Now that we've created and saved our bash script, we will want to run it. We have two alternative methods to run this script:

bash hello.sh  # run the script via bash

The second, requires that we have executable privileges for the script:

chmod +x hello.sh  # add executable 'x' privileges
./hello.sh  # execute it

The variables we create in our bash scripts are very much the same as the environment variables we've seen before. Take for example:

#!/bin/bash
AGE="35"
PERSON_NAME="Jane"
echo "$PERSON_NAME is $AGE years old"

We create a variable AGE with the = assignment operator. Note we don't put spaces either side of the equals sign in bash. To refer to the variable, we use $AGE, using the $ dollar sign.

You would have noticed in the previous example that we included the variable directly into the string we're echoing out. This is something similar to what we've seen with f-strings in Python.

When we use double quotes: "..." in bash, the variable will be integrated into the resulting string. We can even call bash functions from directly inside the string:

echo "I am logging in as: $(who)"

You might be tempted to use a variable when generating a path:

TRAIN_PROCESS="training"
TEST_PROCESS="testing"

touch "./data/$TRAIN_PROCESS_error.txt"
touch "./data/$TEST_PROCESS_error.txt

But this will create an error as underscores can be part of the variable name, so bash will be looking for a variable named: $TRAIN_PROCESS_error which has never been created. To get around this, we can wrap our variable in curly braces:

touch "./data/${TRAIN_PROCESS}_error.txt"

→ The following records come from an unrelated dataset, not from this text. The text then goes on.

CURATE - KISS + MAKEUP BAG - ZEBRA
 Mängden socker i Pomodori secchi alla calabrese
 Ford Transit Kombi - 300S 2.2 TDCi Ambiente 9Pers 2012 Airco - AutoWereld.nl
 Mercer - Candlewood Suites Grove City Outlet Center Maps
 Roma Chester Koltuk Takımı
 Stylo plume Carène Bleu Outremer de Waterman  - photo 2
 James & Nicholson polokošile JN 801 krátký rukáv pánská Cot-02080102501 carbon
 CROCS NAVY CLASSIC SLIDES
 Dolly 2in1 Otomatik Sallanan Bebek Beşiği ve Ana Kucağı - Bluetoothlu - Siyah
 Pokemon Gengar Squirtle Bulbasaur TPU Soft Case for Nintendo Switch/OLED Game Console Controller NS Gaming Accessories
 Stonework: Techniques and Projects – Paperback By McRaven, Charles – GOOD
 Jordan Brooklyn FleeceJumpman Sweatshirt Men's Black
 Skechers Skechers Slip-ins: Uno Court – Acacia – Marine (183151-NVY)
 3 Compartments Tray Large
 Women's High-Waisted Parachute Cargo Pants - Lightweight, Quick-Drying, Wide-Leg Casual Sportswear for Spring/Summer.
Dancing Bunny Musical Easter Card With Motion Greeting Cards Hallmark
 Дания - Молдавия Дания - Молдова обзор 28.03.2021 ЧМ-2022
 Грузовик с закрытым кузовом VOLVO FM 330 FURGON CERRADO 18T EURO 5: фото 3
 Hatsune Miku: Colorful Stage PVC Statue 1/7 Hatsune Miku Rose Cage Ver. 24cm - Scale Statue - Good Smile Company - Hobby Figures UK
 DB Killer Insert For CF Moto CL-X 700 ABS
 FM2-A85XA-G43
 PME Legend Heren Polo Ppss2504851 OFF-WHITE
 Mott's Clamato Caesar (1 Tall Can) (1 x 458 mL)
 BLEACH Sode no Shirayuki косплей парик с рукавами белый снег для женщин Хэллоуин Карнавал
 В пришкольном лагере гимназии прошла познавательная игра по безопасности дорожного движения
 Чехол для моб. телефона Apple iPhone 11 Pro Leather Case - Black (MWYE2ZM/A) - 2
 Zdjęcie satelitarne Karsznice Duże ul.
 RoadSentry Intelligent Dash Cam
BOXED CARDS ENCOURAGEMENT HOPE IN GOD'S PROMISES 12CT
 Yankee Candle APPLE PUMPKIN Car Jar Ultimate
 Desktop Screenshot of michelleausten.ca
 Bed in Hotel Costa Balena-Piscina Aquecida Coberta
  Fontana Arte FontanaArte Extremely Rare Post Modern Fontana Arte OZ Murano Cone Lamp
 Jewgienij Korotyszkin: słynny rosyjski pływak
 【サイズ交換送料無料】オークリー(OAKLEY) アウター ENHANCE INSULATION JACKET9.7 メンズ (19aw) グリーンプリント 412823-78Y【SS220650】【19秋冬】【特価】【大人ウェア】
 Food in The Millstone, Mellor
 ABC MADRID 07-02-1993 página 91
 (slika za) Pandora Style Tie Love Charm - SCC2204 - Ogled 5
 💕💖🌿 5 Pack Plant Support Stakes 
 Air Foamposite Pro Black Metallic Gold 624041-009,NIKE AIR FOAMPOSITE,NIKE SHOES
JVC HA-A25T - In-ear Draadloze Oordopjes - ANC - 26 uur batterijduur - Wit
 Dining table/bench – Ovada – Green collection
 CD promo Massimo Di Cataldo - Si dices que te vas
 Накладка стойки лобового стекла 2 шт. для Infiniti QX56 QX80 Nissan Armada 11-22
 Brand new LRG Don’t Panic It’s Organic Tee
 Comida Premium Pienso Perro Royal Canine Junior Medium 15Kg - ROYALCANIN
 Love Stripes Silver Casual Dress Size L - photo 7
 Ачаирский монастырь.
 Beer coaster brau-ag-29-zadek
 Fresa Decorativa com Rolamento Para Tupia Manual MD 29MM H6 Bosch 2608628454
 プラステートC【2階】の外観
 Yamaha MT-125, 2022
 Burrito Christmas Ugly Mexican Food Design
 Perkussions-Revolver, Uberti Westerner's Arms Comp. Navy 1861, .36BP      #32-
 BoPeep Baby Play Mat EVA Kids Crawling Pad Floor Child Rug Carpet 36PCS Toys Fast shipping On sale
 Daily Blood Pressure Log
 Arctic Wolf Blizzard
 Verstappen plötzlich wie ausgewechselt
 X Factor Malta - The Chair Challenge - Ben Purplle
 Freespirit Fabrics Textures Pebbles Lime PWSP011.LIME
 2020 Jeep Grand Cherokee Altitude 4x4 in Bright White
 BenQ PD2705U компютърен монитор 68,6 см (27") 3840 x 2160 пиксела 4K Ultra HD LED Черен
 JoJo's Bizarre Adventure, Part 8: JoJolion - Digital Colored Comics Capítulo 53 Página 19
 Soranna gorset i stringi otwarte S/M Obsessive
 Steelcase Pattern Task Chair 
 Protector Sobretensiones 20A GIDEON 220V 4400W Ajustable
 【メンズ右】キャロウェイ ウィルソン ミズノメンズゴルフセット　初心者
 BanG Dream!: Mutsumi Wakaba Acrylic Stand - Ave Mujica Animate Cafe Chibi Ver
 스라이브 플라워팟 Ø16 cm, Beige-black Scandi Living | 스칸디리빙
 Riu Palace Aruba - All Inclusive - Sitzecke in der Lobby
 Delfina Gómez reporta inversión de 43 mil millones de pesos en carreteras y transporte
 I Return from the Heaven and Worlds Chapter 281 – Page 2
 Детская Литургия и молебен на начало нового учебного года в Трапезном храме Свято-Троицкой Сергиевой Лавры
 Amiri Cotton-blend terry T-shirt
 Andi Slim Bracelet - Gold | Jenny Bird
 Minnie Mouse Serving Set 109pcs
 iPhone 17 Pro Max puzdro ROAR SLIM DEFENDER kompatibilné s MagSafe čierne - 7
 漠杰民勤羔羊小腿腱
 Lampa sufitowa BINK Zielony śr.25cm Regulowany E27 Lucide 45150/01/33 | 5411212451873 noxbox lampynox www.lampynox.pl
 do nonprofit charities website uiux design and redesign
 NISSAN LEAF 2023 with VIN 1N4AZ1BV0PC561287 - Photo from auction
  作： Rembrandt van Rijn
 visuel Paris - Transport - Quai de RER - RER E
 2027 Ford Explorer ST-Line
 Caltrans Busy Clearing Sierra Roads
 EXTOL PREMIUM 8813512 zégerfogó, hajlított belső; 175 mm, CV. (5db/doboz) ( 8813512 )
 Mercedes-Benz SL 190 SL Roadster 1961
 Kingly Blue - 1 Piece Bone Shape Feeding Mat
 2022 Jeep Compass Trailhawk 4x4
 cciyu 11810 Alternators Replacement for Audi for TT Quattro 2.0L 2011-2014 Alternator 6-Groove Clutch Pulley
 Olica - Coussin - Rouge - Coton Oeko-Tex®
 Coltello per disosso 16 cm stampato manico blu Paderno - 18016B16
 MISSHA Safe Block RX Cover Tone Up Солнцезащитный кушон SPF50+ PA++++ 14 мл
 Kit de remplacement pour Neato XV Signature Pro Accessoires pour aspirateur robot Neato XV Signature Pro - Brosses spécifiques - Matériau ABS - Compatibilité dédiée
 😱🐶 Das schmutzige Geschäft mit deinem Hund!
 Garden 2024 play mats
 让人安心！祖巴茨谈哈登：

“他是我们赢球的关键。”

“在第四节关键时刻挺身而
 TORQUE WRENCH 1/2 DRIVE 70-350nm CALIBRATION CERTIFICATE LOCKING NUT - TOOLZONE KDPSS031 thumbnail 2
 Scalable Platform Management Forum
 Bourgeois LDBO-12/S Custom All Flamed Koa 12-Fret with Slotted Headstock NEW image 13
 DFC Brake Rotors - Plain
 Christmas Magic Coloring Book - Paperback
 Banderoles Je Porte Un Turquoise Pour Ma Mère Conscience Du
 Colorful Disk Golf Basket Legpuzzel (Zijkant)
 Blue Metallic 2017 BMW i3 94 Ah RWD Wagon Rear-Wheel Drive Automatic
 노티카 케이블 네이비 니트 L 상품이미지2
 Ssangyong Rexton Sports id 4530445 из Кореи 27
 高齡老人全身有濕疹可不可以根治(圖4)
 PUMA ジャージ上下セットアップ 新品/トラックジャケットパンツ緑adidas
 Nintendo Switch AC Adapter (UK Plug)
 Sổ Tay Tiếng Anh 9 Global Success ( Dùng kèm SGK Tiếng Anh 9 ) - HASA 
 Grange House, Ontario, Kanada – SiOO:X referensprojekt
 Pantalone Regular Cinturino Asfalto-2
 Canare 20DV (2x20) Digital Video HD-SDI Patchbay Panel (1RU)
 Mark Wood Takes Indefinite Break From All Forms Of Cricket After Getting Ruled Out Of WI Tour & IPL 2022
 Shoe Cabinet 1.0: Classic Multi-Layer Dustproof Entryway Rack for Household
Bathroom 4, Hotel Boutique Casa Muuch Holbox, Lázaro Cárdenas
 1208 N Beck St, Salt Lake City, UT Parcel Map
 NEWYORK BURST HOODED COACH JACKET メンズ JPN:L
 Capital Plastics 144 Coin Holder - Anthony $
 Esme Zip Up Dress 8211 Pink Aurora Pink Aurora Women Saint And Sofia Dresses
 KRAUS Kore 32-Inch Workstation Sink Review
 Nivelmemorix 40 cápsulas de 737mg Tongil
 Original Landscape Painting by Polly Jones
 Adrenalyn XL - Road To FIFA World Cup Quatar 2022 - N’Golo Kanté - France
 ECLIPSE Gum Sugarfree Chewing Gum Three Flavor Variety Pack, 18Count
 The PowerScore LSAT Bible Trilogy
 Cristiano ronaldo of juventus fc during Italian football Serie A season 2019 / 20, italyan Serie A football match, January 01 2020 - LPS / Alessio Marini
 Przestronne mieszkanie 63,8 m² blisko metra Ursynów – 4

We can also use single quotes for strings in bash. When we use these strings, the string itself is not interpreted, and thus it will ignore any variables or bash commands:

echo 'I am logging in as: $(who)'

If we want to read the input from keyboard into a variable, we use the read command:

#!/bin/bash

echo "Enter your name:"
read NAME

echo "Hello, $NAME"

read in this context will read in the input and create the variable with that value. As we've already seen, we can then output this value to the console using the echo command.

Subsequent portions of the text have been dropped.